• _WHAT IS EXPECTED_: The listing must be reproduced in full, exactly as it stands.

▬▬▬

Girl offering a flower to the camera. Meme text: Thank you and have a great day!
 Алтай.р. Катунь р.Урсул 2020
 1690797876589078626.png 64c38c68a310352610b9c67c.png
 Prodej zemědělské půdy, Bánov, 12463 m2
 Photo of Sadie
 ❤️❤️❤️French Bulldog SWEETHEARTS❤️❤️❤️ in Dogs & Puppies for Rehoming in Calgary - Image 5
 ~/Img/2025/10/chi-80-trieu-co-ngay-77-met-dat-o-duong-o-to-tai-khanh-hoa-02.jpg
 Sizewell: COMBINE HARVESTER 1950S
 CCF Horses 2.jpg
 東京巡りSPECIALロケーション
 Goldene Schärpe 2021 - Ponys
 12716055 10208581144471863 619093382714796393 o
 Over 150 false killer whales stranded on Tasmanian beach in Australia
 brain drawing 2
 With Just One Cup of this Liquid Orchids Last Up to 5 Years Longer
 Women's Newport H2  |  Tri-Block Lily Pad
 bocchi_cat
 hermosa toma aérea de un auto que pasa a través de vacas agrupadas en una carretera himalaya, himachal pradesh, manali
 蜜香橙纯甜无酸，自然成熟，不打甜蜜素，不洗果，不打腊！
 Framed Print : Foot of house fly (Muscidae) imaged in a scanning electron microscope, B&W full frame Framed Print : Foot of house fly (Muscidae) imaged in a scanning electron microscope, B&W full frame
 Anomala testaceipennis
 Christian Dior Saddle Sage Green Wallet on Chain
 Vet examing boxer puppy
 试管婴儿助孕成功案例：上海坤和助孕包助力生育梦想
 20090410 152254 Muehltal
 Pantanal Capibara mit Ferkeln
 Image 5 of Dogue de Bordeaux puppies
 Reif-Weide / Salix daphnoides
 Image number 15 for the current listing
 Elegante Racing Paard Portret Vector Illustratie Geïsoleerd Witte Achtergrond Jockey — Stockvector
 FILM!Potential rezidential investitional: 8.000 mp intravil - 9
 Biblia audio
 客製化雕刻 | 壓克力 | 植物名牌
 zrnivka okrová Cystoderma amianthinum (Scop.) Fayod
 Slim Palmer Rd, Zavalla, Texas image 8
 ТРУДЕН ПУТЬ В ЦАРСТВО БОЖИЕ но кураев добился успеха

▬▬▬

• _EXERCISE RESPONSE_:
Girl offering a flower to the camera. Meme text: Thank you and have a great day!
 Алтай.р. Катунь р.Урсул 2020
 1690797876589078626.png 64c38c68a310352610b9c67c.png
 Prodej zemědělské půdy, Bánov, 12463 m2
 Photo of Sadie
 ❤️❤️❤️French Bulldog SWEETHEARTS❤️❤️❤️ in Dogs & Puppies for Rehoming in Calgary - Image 5
 ~/Img/2025/10/chi-80-trieu-co-ngay-77-met-dat-o-duong-o-to-tai-khanh-hoa-02.jpg
 Sizewell: COMBINE HARVESTER 1950S
 CCF Horses 2.jpg
 東京巡りSPECIALロケーション
 Goldene Schärpe 2021 - Ponys
 12716055 10208581144471863 619093382714796393 o
 Over 150 false killer whales stranded on Tasmanian beach in Australia
 brain drawing 2
 With Just One Cup of this Liquid Orchids Last Up to 5 Years Longer
 Women's Newport H2  |  Tri-Block Lily Pad
 bocchi_cat
 hermosa toma aérea de un auto que pasa a través de vacas agrupadas en una carretera himalaya, himachal pradesh, manali
 蜜香橙纯甜无酸，自然成熟，不打甜蜜素，不洗果，不打腊！
 Framed Print : Foot of house fly (Muscidae) imaged in a scanning electron microscope, B&W full frame Framed Print : Foot of house fly (Muscidae) imaged in a scanning electron microscope, B&W full frame
 Anomala testaceipennis
 Christian Dior Saddle Sage Green Wallet on Chain
 Vet examing boxer puppy
 试管婴儿助孕成功案例：上海坤和助孕包助力生育梦想
 20090410 152254 Muehltal
 Pantanal Capibara mit Ferkeln
 Image 5 of Dogue de Bordeaux puppies
 Reif-Weide / Salix daphnoides
 Image number 15 for the current listing
 Elegante Racing Paard Portret Vector Illustratie Geïsoleerd Witte Achtergrond Jockey — Stockvector
 FILM!Potential rezidential investitional: 8.000 mp intravil - 9
 Biblia audio
 客製化雕刻 | 壓克力 | 植物名牌
 zrnivka okrová Cystoderma amianthinum (Scop.) Fayod
 Slim Palmer Rd, Zavalla, Texas image 8
 ТРУДЕН ПУТЬ В ЦАРСТВО БОЖИЕ но кураев добился успеха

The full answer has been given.